Some banks charge as high as 20 per cent, pushing potential borrowers to alternatives such as shylocks and ‘merry-go-rounds’.

From the report that covers 2013, more than 12.4 million Kenyans, who  represent 66.7 per cent of the adult population, visited commercial banks, deposit taking and microfinance institutions to borrow or withdraw cash. Amrik Heyer, head of knowledge at Financial Sector Deepening Kenya, says more women are excluded from the financial services than men.  More than 26.6 per cent women of 18.5 million Kenyans do not access any form of financial services.

“This is higher compared to 24.2 per cent of men who are locked out from the financial systems,” said Dr Heyer.

The women largely borrow from shylocks to finance small businesses such as sukuma wiki, charcoal, tomatoes, kerosene and dairy farming in informal settlements and rural areas. The report shows a big disparity in access to financial services, with more than 50 per cent of the poorest Kenyans excluded from the formal banking system. However, nearly 70 per cent of the wealthiest access financial services from formal prudential financial providers.

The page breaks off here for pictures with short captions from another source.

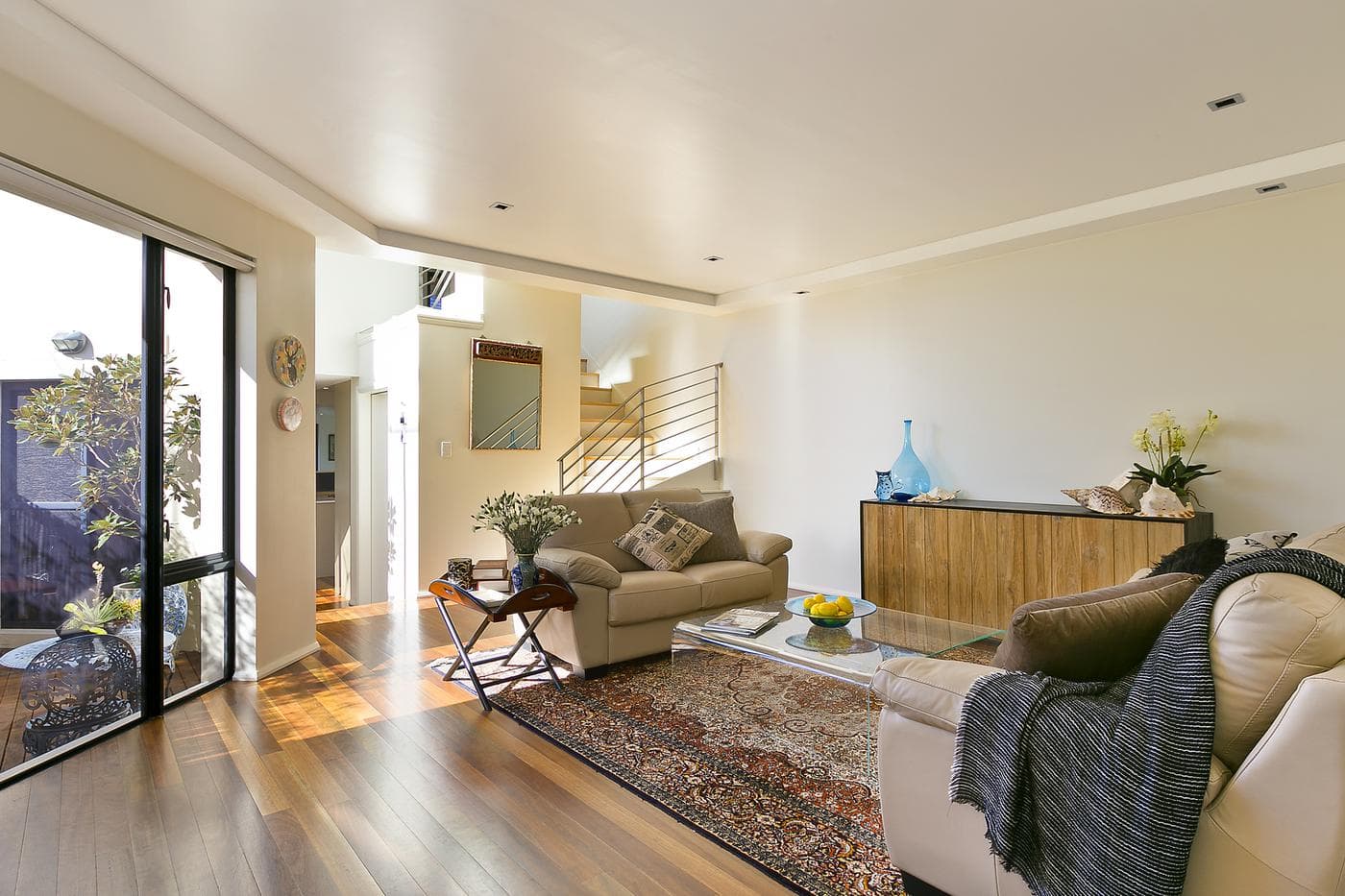 30A Boyle StreetBalgowlah, Balgowlah - Thumbnail 5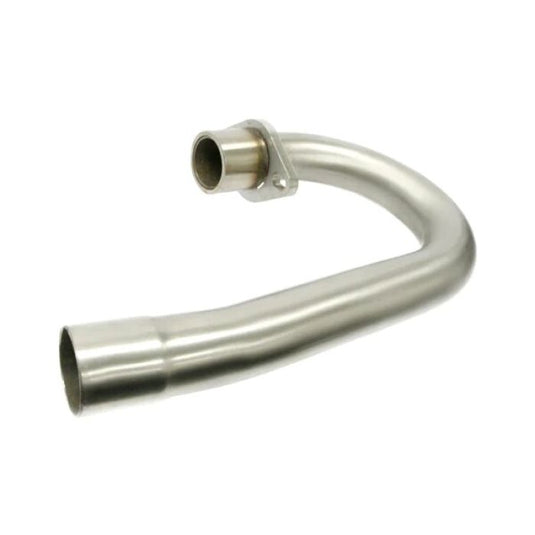BIG GUN - EVO RACE SERIES - EXHAUST HONDA HEAD PIPE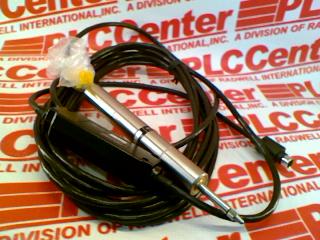 MAGNESCALE CO DG25P2-T02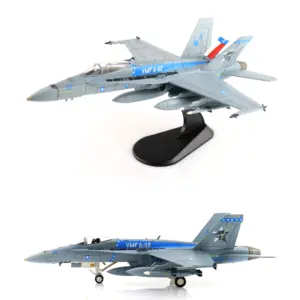 Sfc26fc2eb8704378b471c12e688bd9670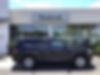 1V2GP2CA7MC508057-2021-volkswagen-atlas-0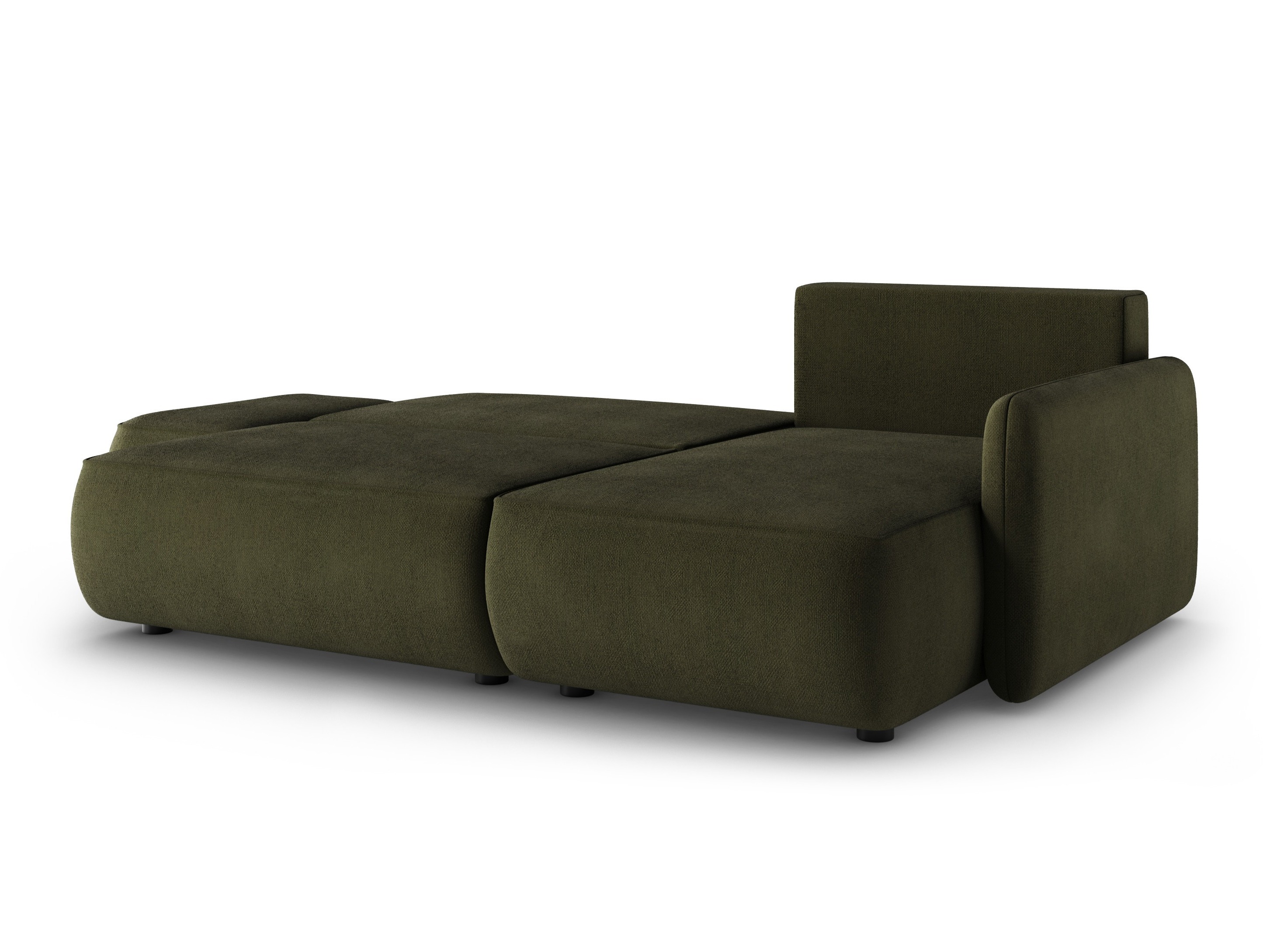 Hjørnesofa Franklin 189 (Curio 39)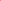 i8国际娱乐体系 - i8国际娱乐体系 体育官方网站 -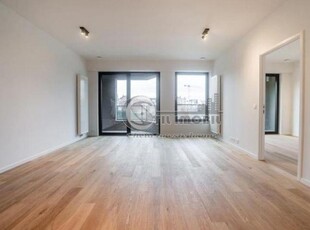 BLOC NOU - APARTAMENT CU 2 CAMERE, 80 MP, SPATIOS, PRIVELISTE PANORAMICA, GATA DE MUTARE, PRET CU TVA INCLUS!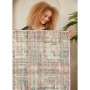 Conceptum Hypnose Tepih (160x230) Exfab288 Klm - slika 3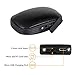 Bestfy Portable Wireless Outdoor Bluetooth Speaker with Waterproof IPX5, Buit-in Mic & FM Radio ,Perfect Speaker for iPhone, iPod, iPad, Tablet, Golf, Beach, Home Party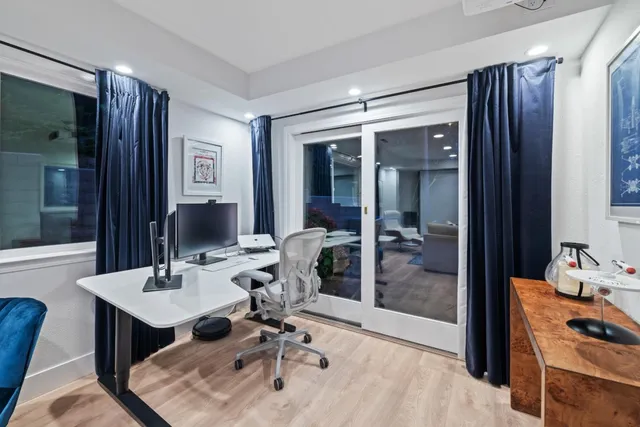 $1,235,000 | 17920 Berta Canyon Road, Salinas, CA 93907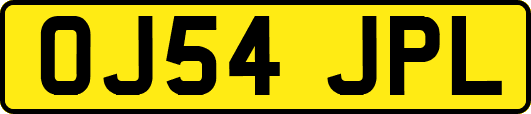 OJ54JPL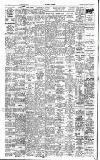 Banbury Advertiser Wednesday 15 October 1952 Page 8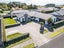 19 Keene Drive, Bell Block, New Plymouth - Carousel 29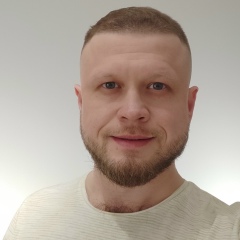 Сергей Долгоруков, 23.10, Екатеринбург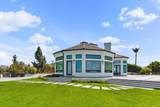 9355 Lavell Street - Photo 7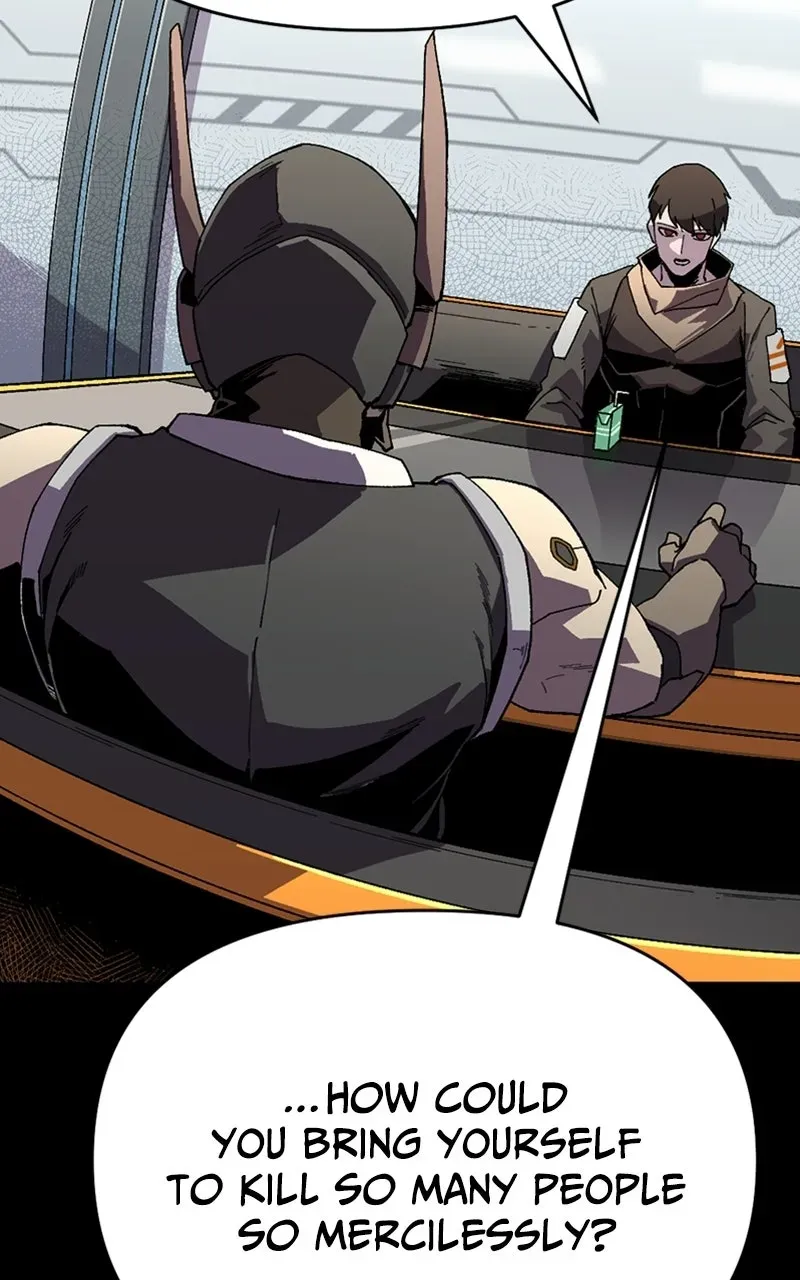 REVIVE Chapter 31 page 17 - 
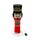 Linterna LED Navidad Cascanueces Festive Friends 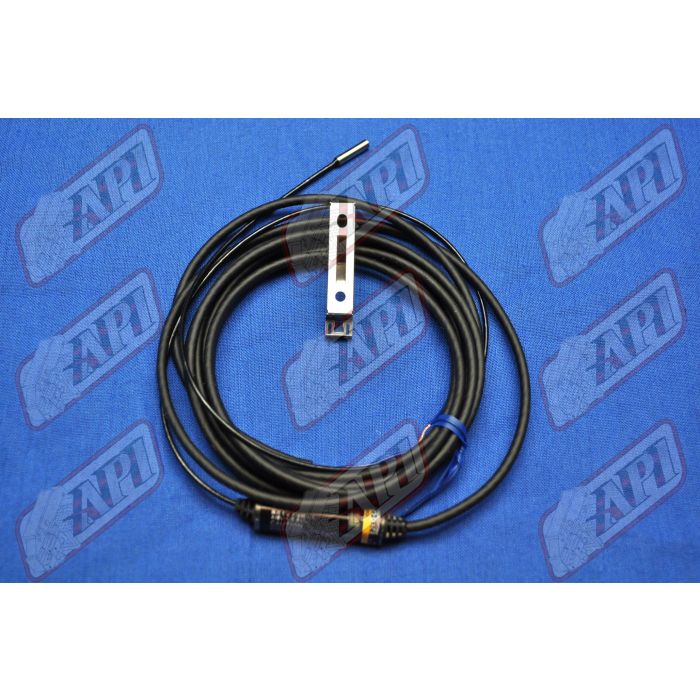 Proximity Switch E2EC-CR8D2 | Amada # 31198131/ E2EC-CR8D2 Proximity Switch E2EC-CR8D2 | Amada # 31198131/ E2EC-CR8D2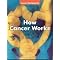 help your child understand and beat cancer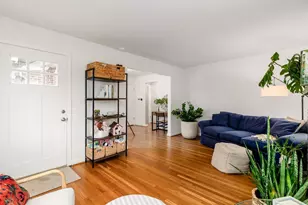 2089 Jervis Rd, Upper Arlington, OH 43221 - Photo 4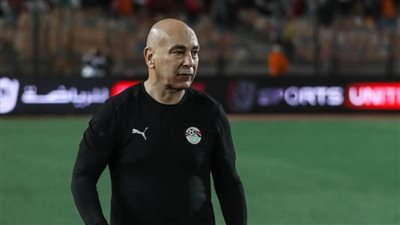 بسبب زيزو.. حسام حسن يتسبب في أزمة كبرى مع جماهير الزمالك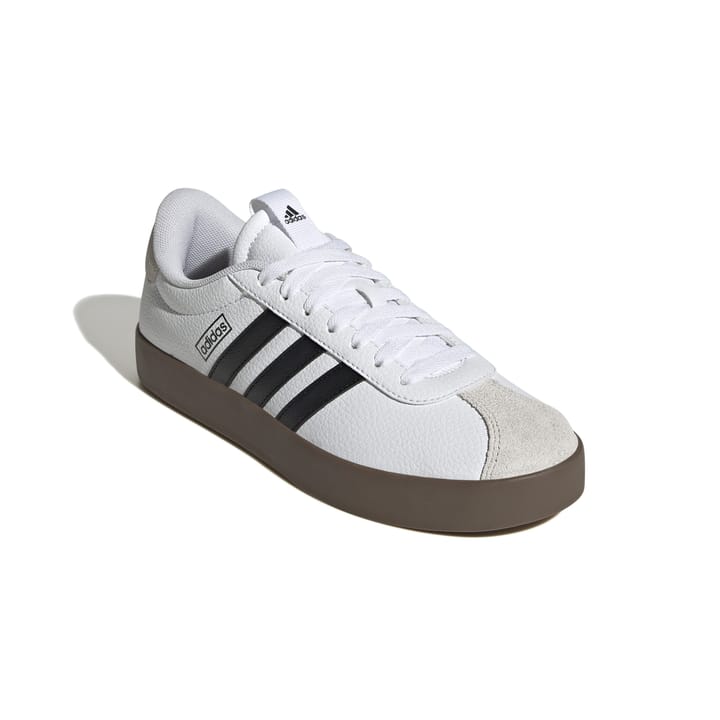 ADIDAS 6646 Ftwr White/Core ADIDAS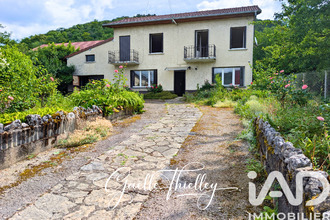  maison beure 25720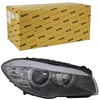 Image de TYC Phare principal 20-12762-06-2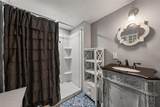 110 Private Road 180 - Photo 15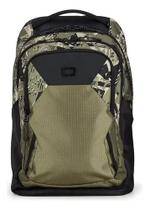 Mochila ogio axle pro backpack - woodcut polka Mochila ogio axle pro backpack - woodcut polka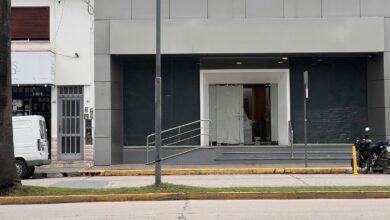 WhatsApp Image 2026 04 20 at 6.18.51 PM e1776719958194 - Diario Resumen de la región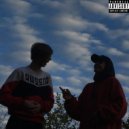 STAFF & GROB - Заметил тебя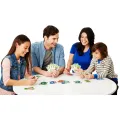 Mattel - Επιτραπέζιο, Uno Skip.Bo 52370 Mattel - Επιτραπέζιο, Uno Skip.Bo 52370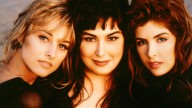 Qué fue de las Wilson Phillips, las "nepo babies" de la música de los '90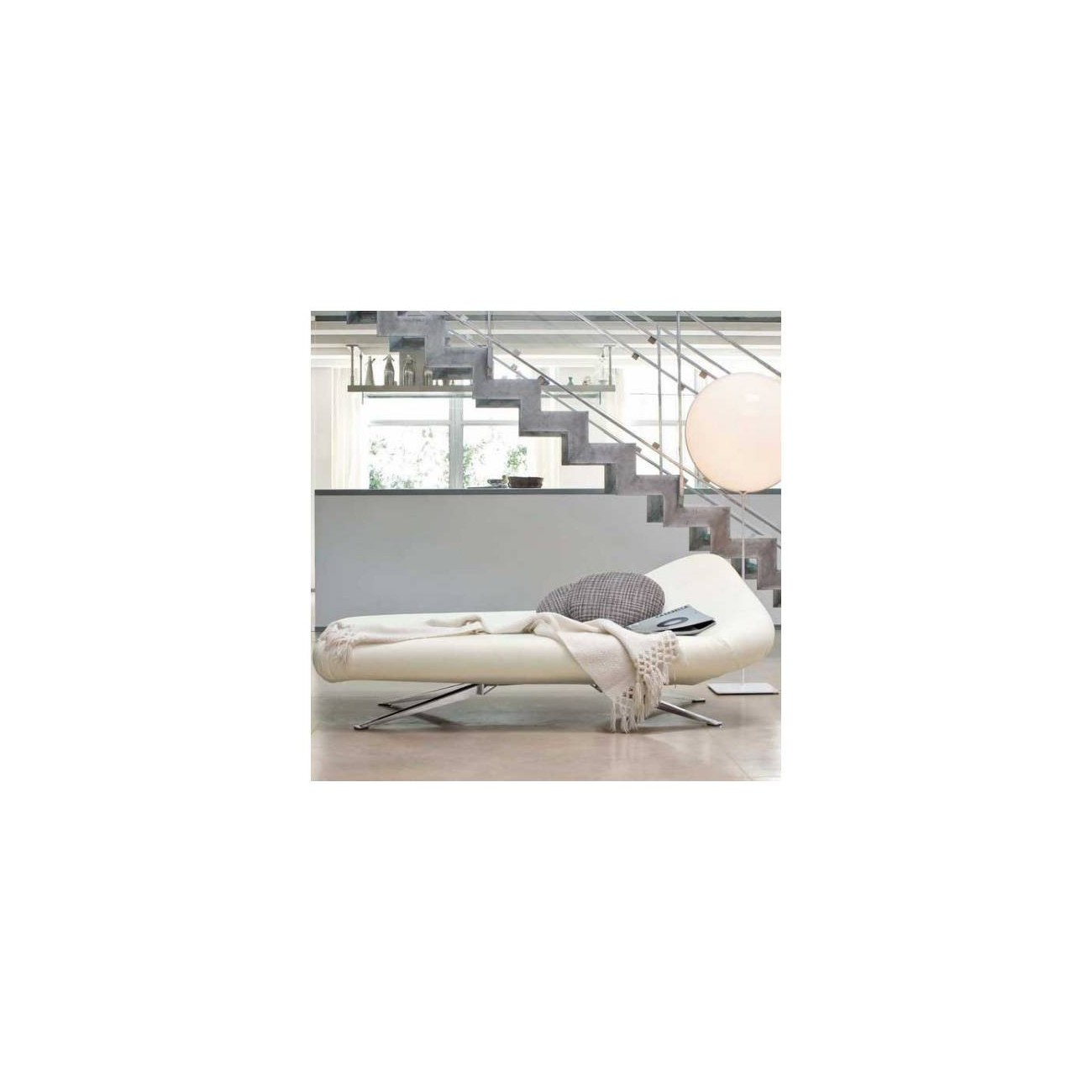 BONALDO DIVANO PAPILLON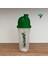 Shaker (650 ml) 1
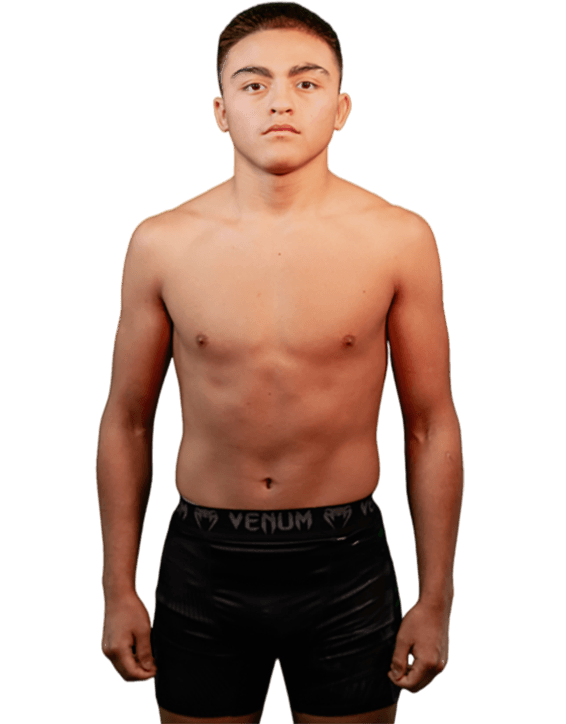 Bryan Herrera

Central Bank of Kenya Governor Njuguna Ndung’u said the financial system is now offering a wide range of financial services and products to more Kenyans.

“These developments are attributable to expansions in financial sector infrastructure including innovation in products, adaptive institutional outreach and advances in technology,” Prof Ndung’u said. 

Deposit taking  

According to a Geographic Information System (GIS) spatial mapping of all Financial Access Touch Points, also launched in Nairobi yesterday, 30.6 per cent of those who benefit from the unregulated groups live in the rural areas. This is compared to 15.8 per cent operating in the urban areas though this number has been going down in urban areas.

Most banks and deposit taking institutions are yet to open branches in rural areas largely due to poor infrastructure and insecurity. 

With a growing middle class, formal financial institutions have been expanding their market reach in urban areas to tap into emerging opportunities.

“The decrease in the proportion of people excluded between 2009 and 2013 was 6 per cent compared with a 7.9 per cent decrease between 2006 and 2009,” Heyer noted.

According to the report, more than double the number of adults use mobile phone financial services compared to 5.4 million who use banks.

When lending, banks seek to ensure that advances (loans) they extend are repaid, and prefer the repayment done according to the formal agreement (loan contract).

When initiating a loan, both parties – the customer and the bank – go through a decision making process. On the bank’s side, the credit analyst will assess the probability of full repayment as stipulated in the contract. This process is called risk analysis and it includes assessing actual facts about the customer.